··· Data for processing ···
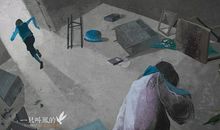 《一只叫凤的鸽子》读后感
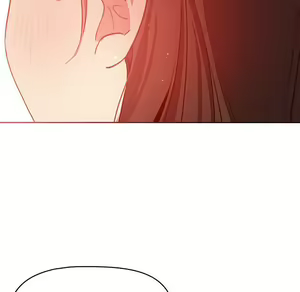 Page 1420 of 疫情期間的家教生活  | 疫情期间的家教生活 1-12 - preview thumbnail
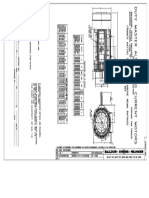 200HP--447TSC--616524-300-4.pdf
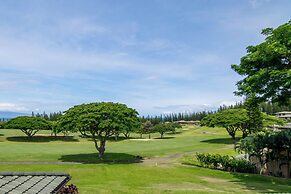 Kapalua Villas Maui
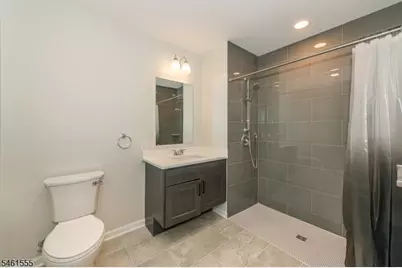 39 Ledgewood Ave #11, Netcong, NJ 07857 - Photo 29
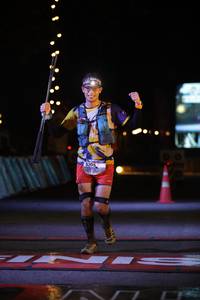 BIB: 
                            <button type="button" onclick="openModal(13636389)" class="btn btn-primary btn-sm float-right btn-popup" data-toggle="modal" data-target=".modal-high-quality">
                        <i class="fas fa-shopping-cart"></i> Add to Cart
                    </button>
                                            <button type="button" onclick="isThisMe(13636389, true)" class="btn btn-success btn-sm float-right btn-popup btn-isme hidden" data-toggle="tooltip" data-placement="bottom" title="นี่คือรูปของคุณใช่ไหม คลิกที่นี่เพื่อเอาเข้าอัลบั้ม">
                        <i class="fas fa-plus"></i> Add to album
                    </button>
                    <button type="button" onclick="isThisMe(13636389, false)" class="btn btn-warning btn-sm float-right btn-popup btn-isnotme hidden">
                        <i class="fas fa-ban"></i> Remove from album
                    </button>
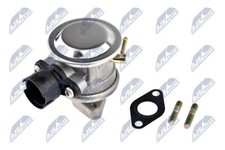 EWP-BM-003 NTY Ventil, Sekundärluftpumpsystem für BMW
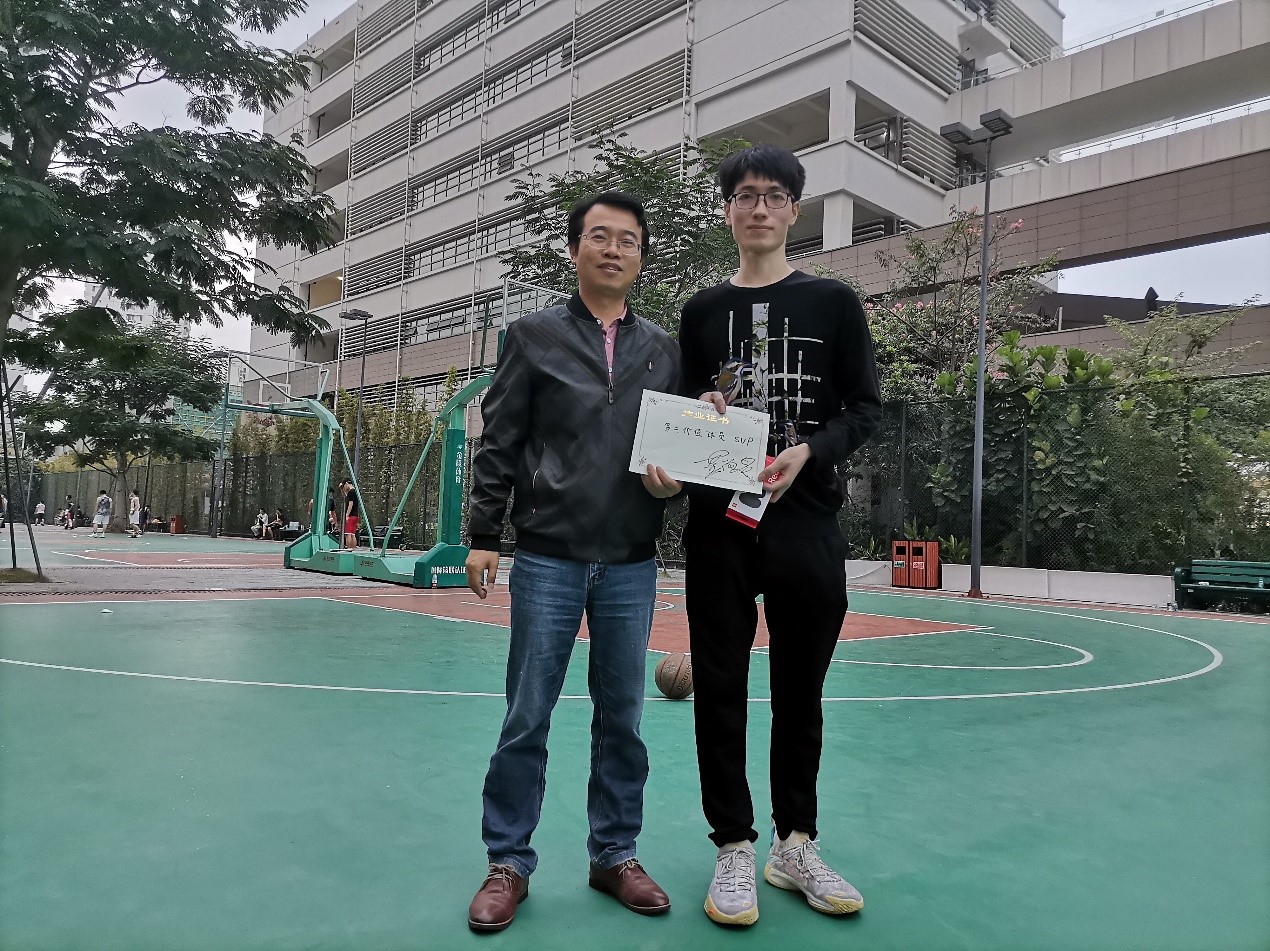 百家乐玩法介绍 - 百家乐技巧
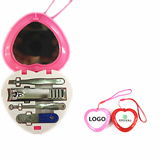 Manicure Set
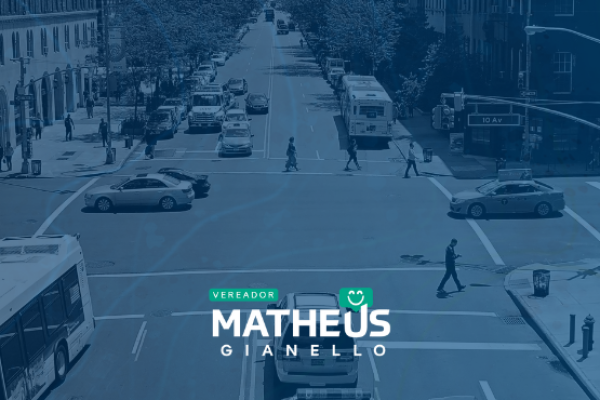 Auxílio alimentação aos Transportadores Escolares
···
**Action item**
Give back the material above exactly as it appears, minus the pictures.

**Solution**
 《一只叫凤的鸽子》读后感
 Page 1420 of 疫情期間的家教生活  | 疫情期间的家教生活 1-12 - preview thumbnail
 200HP--447TSC--616524-300-4.pdf
 Kapalua Villas Maui
 39 Ledgewood Ave #11, Netcong, NJ 07857 - Photo 29
 BIB: 
                            <button type="button" onclick="openModal(13636389)" class="btn btn-primary btn-sm float-right btn-popup" data-toggle="modal" data-target=".modal-high-quality">
                        <i class="fas fa-shopping-cart"></i> Add to Cart
                    </button>
                                            <button type="button" onclick="isThisMe(13636389, true)" class="btn btn-success btn-sm float-right btn-popup btn-isme hidden" data-toggle="tooltip" data-placement="bottom" title="นี่คือรูปของคุณใช่ไหม คลิกที่นี่เพื่อเอาเข้าอัลบั้ม">
                        <i class="fas fa-plus"></i> Add to album
                    </button>
                    <button type="button" onclick="isThisMe(13636389, false)" class="btn btn-warning btn-sm float-right btn-popup btn-isnotme hidden">
                        <i class="fas fa-ban"></i> Remove from album
                    </button>
 EWP-BM-003 NTY Ventil, Sekundärluftpumpsystem für BMW
 百家乐玩法介绍 - 百家乐技巧
 Manicure Set
 Auxílio alimentação aos Transportadores Escolares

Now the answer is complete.